▸ Aim of the task
Your task is to filter the entries and copy every line containing the string "White".

▸ Supplied entries
+ + +

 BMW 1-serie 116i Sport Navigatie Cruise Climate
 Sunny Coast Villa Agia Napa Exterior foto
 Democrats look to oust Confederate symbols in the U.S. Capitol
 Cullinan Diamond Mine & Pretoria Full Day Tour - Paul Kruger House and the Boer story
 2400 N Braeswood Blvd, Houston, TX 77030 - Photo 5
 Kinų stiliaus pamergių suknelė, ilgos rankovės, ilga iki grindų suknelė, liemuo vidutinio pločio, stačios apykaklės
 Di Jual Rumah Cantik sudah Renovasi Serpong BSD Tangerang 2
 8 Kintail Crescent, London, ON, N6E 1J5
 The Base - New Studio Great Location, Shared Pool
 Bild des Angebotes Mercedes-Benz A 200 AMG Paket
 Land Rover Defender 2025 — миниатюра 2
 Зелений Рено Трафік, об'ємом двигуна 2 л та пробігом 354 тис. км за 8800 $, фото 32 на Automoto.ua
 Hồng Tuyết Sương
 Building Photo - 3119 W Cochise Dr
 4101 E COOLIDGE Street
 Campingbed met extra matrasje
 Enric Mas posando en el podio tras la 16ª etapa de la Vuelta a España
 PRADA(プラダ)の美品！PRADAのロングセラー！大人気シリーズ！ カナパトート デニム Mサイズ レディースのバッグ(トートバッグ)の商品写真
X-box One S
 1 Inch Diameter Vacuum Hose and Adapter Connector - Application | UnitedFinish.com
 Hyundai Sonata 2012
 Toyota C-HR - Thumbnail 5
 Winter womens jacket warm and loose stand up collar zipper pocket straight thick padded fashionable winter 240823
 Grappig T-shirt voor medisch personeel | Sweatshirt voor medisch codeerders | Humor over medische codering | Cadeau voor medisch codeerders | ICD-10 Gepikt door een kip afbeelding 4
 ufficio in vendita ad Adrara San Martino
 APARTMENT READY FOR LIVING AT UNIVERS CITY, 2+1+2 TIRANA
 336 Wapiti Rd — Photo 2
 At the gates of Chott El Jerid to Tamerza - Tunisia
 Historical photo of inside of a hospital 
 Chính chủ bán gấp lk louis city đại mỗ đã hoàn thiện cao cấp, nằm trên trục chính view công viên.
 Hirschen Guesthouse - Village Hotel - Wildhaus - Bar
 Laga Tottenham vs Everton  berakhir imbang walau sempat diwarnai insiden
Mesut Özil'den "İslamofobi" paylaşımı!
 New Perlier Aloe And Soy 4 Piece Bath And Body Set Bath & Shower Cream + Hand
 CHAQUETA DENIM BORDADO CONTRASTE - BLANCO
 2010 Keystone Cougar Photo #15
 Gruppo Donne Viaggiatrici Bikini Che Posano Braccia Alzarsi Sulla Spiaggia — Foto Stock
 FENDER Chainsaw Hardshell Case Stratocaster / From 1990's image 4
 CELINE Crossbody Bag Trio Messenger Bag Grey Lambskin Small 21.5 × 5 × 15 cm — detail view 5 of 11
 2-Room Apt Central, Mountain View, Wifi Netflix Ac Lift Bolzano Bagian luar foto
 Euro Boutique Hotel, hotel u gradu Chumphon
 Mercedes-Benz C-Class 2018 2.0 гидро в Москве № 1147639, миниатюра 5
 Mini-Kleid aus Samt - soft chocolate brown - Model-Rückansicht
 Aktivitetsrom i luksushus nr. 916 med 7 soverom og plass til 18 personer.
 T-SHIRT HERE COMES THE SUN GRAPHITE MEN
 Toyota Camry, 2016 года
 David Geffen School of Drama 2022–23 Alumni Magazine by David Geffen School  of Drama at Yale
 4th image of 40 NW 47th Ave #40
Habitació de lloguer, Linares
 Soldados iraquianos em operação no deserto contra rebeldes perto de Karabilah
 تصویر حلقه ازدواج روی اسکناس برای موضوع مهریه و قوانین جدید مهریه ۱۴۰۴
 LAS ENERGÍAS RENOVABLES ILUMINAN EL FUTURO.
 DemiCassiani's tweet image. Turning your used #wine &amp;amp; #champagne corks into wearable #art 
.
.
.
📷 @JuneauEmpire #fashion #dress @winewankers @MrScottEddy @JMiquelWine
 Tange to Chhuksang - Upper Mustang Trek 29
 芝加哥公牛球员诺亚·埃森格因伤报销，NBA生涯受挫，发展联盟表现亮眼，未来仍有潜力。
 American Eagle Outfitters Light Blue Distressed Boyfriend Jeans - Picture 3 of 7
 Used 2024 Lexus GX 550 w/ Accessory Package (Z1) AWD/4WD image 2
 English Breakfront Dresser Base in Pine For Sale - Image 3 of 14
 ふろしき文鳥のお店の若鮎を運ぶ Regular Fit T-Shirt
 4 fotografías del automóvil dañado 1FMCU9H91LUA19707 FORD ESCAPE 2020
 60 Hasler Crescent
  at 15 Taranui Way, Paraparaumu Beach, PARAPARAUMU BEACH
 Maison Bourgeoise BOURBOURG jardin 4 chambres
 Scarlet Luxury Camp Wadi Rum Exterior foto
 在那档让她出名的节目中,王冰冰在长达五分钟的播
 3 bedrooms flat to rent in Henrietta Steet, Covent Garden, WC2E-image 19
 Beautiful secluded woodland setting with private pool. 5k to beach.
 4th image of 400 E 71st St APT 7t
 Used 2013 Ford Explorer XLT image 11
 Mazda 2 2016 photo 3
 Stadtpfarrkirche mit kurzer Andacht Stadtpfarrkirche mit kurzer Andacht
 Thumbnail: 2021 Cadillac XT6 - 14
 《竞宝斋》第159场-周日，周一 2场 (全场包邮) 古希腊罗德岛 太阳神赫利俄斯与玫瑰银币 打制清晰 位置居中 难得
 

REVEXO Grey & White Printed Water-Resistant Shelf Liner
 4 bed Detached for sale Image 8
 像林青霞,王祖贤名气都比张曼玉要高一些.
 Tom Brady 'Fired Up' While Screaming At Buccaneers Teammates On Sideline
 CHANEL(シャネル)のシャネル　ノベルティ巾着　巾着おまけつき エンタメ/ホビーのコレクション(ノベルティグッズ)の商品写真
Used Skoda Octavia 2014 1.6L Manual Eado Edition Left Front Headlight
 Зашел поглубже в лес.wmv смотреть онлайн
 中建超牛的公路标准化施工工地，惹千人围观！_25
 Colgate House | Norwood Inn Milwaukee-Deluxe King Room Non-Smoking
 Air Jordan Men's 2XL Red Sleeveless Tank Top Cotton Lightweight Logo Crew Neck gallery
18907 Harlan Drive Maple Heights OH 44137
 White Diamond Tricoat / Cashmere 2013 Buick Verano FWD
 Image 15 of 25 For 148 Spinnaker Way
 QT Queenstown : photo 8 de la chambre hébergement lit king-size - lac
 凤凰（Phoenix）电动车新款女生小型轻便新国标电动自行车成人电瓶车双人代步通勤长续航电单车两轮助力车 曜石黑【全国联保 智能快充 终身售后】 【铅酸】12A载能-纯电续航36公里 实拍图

+ + +

▸ Response
REVEXO Grey & White Printed Water-Resistant Shelf Liner
 White Diamond Tricoat / Cashmere 2013 Buick Verano FWD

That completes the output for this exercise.